» Dataset section:
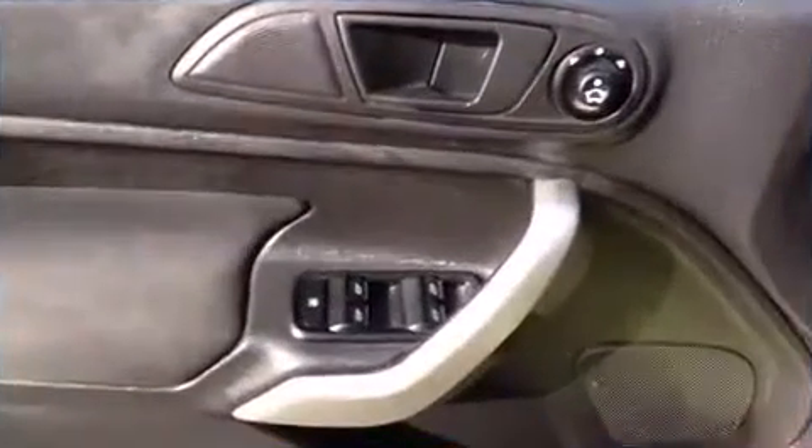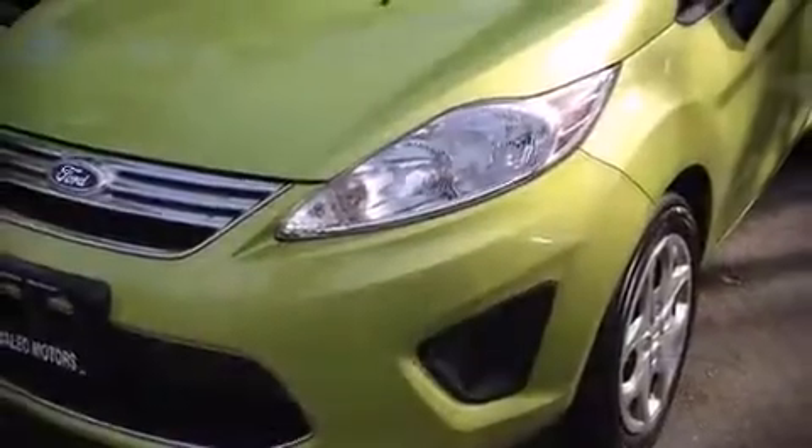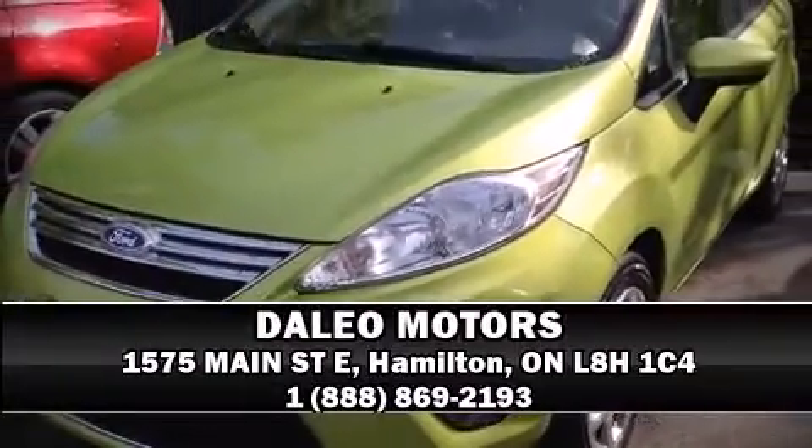Our sales reps are extremely helpful and knowledgeable. Stop by our dealership or give us a call for more information.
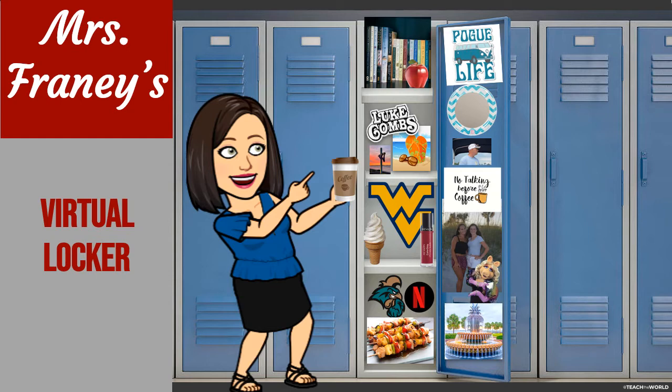You can learn so much about people just from looking inside of their locker. So if you're looking at my locker, you can really see quite a few things you might already know about me, but some things maybe you don't.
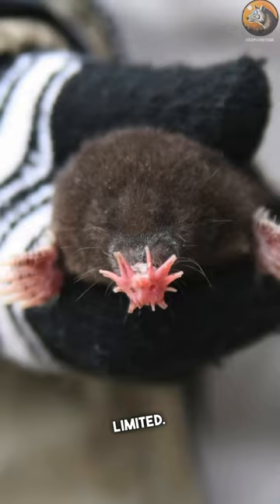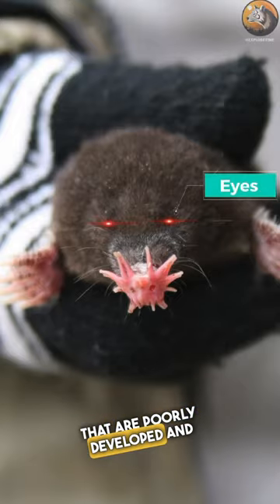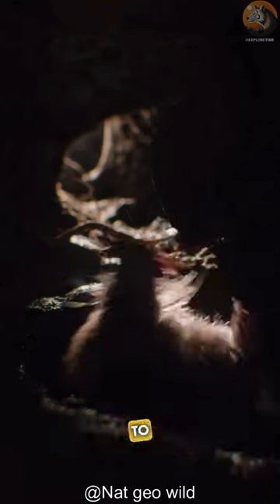They are practically blind — their vision is extremely limited. They have tiny eyes that are poorly developed and are covered in fur, so they rely on their handy appendages to navigate.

» Goal of the exercise:
The listing must be returned in full and exactly, apart from its pictures.

» Solved problem:
Our sales reps are extremely helpful and knowledgeable. Stop by our dealership or give us a call for more information.
You can learn so much about people just from looking inside of their locker. So if you're looking at my locker, you can really see quite a few things you might already know about me, but some things maybe you don't.
They are practically blind — their vision is extremely limited. They have tiny eyes that are poorly developed and are covered in fur, so they rely on their handy appendages to navigate.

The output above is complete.